§ **WHAT IS REQUIRED**: Repeat only the stretch of lines below that runs from the line with "Thumbnail: 2017 Kia Forte - 6" through the line with "Coach Handbags - COACH", unaltered.

---------- THE RECORDS

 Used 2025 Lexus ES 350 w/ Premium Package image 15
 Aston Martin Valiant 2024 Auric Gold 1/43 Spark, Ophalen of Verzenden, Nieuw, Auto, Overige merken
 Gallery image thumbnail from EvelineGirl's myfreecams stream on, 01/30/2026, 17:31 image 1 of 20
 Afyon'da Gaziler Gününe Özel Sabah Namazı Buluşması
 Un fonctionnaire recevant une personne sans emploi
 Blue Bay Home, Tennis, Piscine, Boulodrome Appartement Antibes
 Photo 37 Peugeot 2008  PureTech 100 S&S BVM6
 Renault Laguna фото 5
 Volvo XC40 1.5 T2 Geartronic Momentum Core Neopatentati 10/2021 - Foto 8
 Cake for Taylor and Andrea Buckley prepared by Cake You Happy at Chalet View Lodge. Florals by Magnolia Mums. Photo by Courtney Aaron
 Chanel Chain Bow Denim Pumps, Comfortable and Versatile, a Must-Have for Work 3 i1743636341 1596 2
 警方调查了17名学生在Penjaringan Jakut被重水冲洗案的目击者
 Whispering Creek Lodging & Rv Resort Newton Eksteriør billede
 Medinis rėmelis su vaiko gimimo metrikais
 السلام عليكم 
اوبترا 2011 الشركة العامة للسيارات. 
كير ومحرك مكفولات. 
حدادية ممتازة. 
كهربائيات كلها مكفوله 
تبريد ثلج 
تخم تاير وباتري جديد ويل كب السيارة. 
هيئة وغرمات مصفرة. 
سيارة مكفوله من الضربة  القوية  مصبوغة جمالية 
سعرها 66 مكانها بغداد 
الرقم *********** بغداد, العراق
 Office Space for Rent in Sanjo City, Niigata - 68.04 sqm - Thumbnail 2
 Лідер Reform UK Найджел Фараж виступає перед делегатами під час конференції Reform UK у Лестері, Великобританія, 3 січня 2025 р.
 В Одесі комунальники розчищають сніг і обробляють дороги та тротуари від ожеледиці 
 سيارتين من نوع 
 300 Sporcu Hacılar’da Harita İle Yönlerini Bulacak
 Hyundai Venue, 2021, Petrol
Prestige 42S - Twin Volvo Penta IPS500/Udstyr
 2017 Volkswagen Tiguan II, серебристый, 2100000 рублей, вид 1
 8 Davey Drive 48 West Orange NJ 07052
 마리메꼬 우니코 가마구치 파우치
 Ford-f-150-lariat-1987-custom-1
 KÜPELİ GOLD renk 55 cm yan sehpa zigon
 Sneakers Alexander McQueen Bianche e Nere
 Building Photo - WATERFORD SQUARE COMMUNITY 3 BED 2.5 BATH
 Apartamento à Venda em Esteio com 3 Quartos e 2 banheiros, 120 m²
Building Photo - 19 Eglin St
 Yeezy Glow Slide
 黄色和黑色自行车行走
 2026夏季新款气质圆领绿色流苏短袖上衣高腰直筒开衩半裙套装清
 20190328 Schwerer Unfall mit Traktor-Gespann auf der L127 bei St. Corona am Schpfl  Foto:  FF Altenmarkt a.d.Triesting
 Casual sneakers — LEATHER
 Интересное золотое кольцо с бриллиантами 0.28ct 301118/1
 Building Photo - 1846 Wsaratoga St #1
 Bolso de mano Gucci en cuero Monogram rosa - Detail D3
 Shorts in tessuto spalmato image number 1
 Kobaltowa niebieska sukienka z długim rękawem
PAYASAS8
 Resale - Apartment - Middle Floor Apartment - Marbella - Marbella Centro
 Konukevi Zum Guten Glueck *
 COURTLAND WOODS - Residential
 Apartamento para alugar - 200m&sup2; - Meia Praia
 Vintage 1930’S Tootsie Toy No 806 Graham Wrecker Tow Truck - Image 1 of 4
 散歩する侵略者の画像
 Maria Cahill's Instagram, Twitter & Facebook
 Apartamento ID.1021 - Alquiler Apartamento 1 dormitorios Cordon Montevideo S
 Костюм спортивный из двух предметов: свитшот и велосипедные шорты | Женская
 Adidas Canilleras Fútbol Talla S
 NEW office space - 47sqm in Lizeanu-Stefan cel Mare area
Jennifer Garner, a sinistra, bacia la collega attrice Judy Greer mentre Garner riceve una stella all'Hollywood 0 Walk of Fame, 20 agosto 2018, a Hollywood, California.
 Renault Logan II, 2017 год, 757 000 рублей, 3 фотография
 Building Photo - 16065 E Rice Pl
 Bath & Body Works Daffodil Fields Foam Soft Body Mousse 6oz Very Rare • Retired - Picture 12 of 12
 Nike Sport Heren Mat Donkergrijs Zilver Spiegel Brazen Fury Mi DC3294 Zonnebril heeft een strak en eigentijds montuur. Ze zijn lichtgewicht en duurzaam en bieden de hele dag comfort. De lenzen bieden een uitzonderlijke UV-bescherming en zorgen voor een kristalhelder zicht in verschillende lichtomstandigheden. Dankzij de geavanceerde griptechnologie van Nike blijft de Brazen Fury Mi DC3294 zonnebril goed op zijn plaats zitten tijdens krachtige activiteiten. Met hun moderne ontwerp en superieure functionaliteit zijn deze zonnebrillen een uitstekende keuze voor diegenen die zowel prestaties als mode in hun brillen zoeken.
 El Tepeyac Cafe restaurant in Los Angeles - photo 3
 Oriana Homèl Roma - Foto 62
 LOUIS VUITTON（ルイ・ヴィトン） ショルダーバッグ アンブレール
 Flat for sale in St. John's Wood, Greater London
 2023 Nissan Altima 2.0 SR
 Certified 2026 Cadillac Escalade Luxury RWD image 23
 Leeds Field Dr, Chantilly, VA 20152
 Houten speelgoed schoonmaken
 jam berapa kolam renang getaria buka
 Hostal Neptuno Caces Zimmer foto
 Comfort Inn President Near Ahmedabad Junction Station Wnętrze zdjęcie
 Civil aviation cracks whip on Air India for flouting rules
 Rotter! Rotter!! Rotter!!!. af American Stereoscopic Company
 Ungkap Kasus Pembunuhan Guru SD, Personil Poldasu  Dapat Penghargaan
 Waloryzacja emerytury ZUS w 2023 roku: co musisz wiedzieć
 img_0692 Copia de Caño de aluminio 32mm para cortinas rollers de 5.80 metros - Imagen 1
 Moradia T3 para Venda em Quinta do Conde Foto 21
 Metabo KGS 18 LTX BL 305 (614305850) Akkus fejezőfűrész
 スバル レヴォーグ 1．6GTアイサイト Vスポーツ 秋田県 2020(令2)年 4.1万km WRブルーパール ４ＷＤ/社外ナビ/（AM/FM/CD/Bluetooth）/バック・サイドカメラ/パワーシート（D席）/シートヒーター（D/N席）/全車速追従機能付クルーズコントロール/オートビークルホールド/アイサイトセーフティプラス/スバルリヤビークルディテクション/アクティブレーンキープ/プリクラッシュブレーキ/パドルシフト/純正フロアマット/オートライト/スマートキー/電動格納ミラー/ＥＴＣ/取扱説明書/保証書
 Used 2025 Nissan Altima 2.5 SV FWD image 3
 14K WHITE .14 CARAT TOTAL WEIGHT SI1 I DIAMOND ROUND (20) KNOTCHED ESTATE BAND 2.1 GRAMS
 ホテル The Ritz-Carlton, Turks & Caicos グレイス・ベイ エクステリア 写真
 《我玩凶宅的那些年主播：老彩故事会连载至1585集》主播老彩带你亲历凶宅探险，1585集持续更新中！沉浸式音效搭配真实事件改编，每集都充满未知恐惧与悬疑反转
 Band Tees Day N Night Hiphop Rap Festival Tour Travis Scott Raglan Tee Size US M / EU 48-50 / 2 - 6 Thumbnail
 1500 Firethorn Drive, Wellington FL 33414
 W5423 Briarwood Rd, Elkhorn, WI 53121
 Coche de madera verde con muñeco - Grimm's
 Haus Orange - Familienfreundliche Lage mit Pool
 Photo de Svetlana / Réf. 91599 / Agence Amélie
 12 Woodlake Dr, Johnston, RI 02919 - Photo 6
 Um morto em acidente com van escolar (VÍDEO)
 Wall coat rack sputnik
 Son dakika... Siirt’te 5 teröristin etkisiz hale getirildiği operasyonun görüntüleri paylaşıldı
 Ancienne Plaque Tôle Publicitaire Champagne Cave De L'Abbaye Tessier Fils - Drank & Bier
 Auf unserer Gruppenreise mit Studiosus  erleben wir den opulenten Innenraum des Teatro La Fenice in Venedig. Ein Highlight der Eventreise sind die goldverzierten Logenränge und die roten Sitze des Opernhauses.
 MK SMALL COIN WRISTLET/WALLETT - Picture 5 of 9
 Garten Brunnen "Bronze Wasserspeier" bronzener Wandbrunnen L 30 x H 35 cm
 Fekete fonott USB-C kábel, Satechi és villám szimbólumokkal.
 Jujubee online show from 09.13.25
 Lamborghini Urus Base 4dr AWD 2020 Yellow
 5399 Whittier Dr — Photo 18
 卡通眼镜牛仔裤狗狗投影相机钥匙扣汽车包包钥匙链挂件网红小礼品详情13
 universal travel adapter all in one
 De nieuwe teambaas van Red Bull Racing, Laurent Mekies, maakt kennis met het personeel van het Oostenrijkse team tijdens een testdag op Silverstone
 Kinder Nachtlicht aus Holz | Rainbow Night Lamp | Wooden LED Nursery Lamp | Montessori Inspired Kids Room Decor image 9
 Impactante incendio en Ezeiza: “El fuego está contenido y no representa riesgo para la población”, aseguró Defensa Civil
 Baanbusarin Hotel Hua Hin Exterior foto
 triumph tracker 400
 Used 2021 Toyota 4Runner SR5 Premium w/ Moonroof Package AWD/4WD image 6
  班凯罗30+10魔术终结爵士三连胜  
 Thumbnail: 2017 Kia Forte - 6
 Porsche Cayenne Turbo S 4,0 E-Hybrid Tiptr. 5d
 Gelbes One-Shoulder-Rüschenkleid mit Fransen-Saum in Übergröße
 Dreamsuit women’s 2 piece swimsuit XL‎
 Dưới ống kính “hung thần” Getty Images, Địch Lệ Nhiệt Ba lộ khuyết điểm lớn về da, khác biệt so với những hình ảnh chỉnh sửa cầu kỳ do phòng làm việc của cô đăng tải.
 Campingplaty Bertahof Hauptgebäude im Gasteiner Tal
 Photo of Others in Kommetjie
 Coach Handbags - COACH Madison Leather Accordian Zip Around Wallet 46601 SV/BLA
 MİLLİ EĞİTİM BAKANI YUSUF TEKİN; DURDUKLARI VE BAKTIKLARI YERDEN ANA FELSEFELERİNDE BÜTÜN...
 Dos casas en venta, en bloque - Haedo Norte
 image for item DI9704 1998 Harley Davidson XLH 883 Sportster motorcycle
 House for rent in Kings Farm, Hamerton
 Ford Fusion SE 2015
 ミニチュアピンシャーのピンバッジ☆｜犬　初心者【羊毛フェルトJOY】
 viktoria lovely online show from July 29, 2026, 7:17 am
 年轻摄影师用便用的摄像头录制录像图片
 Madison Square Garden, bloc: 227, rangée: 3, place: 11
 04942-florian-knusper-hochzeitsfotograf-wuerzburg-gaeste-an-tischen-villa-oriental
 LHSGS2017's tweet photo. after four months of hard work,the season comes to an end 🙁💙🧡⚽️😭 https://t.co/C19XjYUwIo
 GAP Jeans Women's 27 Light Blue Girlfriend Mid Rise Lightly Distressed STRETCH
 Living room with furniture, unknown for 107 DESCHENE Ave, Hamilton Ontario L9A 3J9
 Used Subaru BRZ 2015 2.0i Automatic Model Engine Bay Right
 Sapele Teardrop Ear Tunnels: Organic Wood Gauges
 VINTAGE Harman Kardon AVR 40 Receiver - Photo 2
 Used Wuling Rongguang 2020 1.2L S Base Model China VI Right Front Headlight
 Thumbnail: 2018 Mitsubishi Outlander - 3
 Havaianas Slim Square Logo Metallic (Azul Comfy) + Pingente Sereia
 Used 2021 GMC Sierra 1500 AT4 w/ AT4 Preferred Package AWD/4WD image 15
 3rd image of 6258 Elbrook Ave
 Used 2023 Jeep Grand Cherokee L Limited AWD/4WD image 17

--------------------

§ **RESULT FOR THIS TASK**:
 Thumbnail: 2017 Kia Forte - 6
 Porsche Cayenne Turbo S 4,0 E-Hybrid Tiptr. 5d
 Gelbes One-Shoulder-Rüschenkleid mit Fransen-Saum in Übergröße
 Dreamsuit women’s 2 piece swimsuit XL‎
 Dưới ống kính “hung thần” Getty Images, Địch Lệ Nhiệt Ba lộ khuyết điểm lớn về da, khác biệt so với những hình ảnh chỉnh sửa cầu kỳ do phòng làm việc của cô đăng tải.
 Campingplaty Bertahof Hauptgebäude im Gasteiner Tal
 Photo of Others in Kommetjie
 Coach Handbags - COACH Madison Leather Accordian Zip Around Wallet 46601 SV/BLA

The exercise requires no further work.